Feeling “a mix of anger, sadness and disbelief,” Adolphus put in the call to August and arranged a meeting at the fence that separated Waldmeister from Belleau Farm. “There was so much animosity right then that it couldn't have happened in either house,” he said later. August brought along his twelve-year-old son, August IV, so all six of Gussie's male heirs were present for the face-off.

Adolphus did most of the talking for his side. “Why did you do this to our father?” he demanded to know.

“I had no choice,” August responded. “Papa was slipping. The board of directors saw it, and you did, too. We all saw it.”

“But why now, so soon after Christina? And why did you do it by surprise and humiliate him like that? Couldn't you have talked to him?”

“We tried,” August said. “People went to him about some of the things that have been going on, and they advised him to step back and take some time off. But he didn't listen. If I had done it your way, then he would have fought it; he never would have gone along. You know how Papa is. He would have gotten rid of me.” Adolphus couldn't argue with that; he knew it was exactly what Gussie would have done.

For fifteen minutes, August defended his action passionately but without emotion or apology, repeating that he'd done what had to be done for the good of the company, the family, and their father. Throughout the confrontation, August IV hung back about fifty yards, as if afraid to get too close. August turned to him several times, saying, “Come on up here, son. I want you to hear this.” But the boy stayed where he was.

Adolphus didn't know what the meeting was supposed to accomplish, but he was sure it settled nothing. He walked away from the fence feeling the weight of his father leaning on him for support in a fight he feared they'd already lost.

The shock of the coup had the immediate effect of focusing Gussie. Now he had an enemy—his own son—and he was not without options, or friends. He owned about 15 percent of the company's stock, and through the trusts set up by his father he controlled another 15 percent. August, on the other hand, owned only about 1 percent of the shares. So it was not far-fetched for Gussie to think he might be able to use the imbalance to turn the tables on August. One of the first visitors to Grant's Farm after the board's vote was a politically connected attorney named Louis B. Susman. After conferring with Susman, Gussie tacitly agreed to the board's terms in order to avoid a public fight that would drive down the price of the company's stock. Susman, meanwhile, began secretly looking for a buyer for Gussie's shares.
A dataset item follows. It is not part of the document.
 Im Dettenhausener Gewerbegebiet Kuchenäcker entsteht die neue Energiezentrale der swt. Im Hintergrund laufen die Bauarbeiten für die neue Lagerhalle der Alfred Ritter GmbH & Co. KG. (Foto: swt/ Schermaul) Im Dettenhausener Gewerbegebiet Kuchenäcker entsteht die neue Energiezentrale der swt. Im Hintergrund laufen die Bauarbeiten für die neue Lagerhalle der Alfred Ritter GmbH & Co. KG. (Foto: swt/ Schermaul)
On Thursday, May 8, Anheuser-Busch announced that the “Grand old man of the American brewing industry” was stepping aside as chief executive. In a press release written by Al Fleishman, Gussie was quoted as saying, “After more than 50 years of active association in the only job I ever had and the only company I have ever been associated with, I am stepping down as chief executive of Anheuser-Busch. This has been more than a company or a business to me, and it is not an easy decision.

“The fact is, I have had three love affairs in my life. First has been my wife and family; second, the company, which bears the proud name of Anheuser-Busch, and third, this great community of St. Louis.” (Fleishman cleaned up Gussie's previous statement to a reporter that the company was first in his heart, followed by his family.)

The news coverage was as incurious as it was idolatrous. Every newspaper, magazine, and TV broadcast swallowed whole the fiction that Gussie had graciously stepped aside in favor of August III. Not one report connected his exit to recent events such as the death of his daughter, the management layoffs at the company, the resignation of Dick Meyer, lagging sales, or sagging stock performance. There wasn't a hint of his decline or of tensions with August and the board. Nowhere was it reported that Gussie's retention of the chairman title was purely honorary, leaving the public to assume that he still had the final say in things, even if August was now in charge of the day-to-day. Thanks to Al Fleishman and his public relations company, August's boardroom coup would remain a secret for nearly fifteen years.